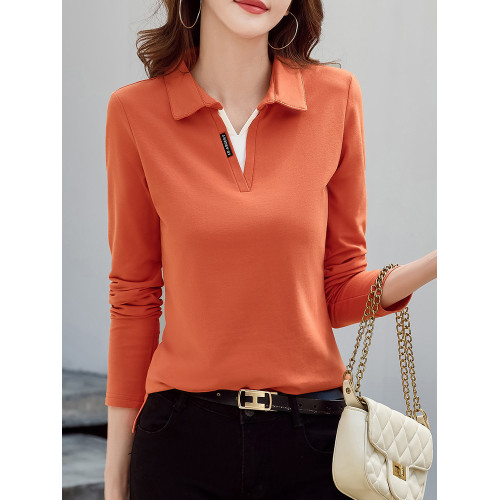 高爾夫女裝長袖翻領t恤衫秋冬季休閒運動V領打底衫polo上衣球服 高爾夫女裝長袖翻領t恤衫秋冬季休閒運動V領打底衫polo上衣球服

□ □ □ □ □ □ □

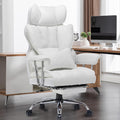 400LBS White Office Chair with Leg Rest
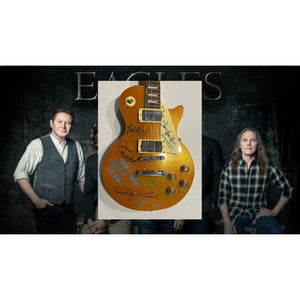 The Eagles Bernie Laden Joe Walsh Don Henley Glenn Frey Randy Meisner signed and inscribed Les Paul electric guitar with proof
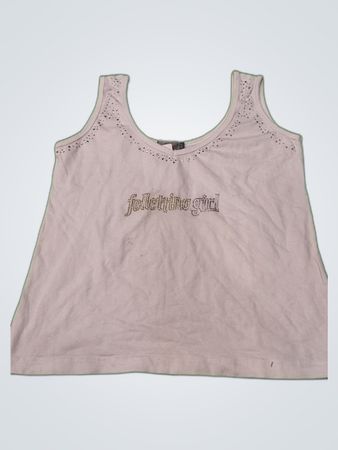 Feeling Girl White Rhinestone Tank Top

□ □ □ □ □ □ □

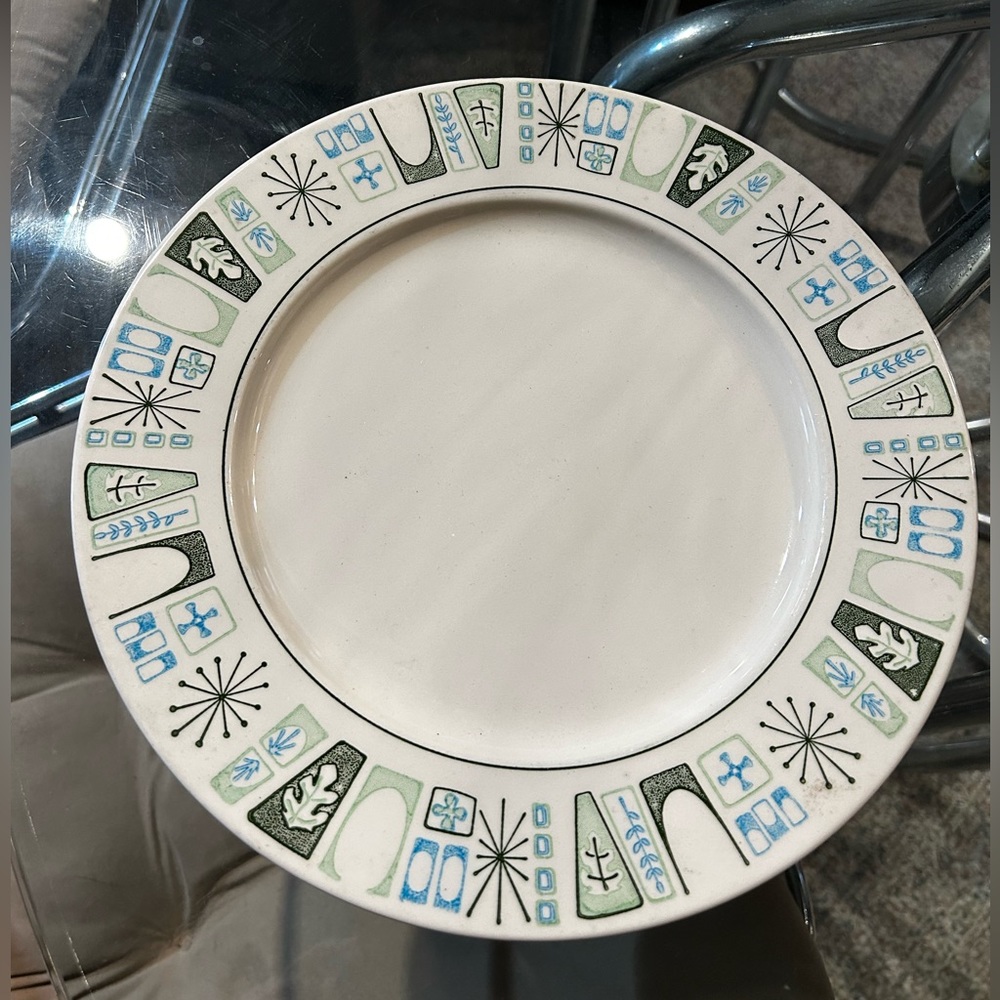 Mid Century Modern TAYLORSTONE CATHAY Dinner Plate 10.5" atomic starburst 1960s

□ □ □ □ □ □ □

Skip every picture, and restate word for word only the lines above from the line containing "400LBS White Office Chair with Leg Rest" to the line containing "Feeling Girl White Rhinestone Tank Top", both of them included.

**YOUR RESPONSE**
 400LBS White Office Chair with Leg Rest
 The Eagles Bernie Laden Joe Walsh Don Henley Glenn Frey Randy Meisner signed and inscribed Les Paul electric guitar with proof
 Feeling Girl White Rhinestone Tank Top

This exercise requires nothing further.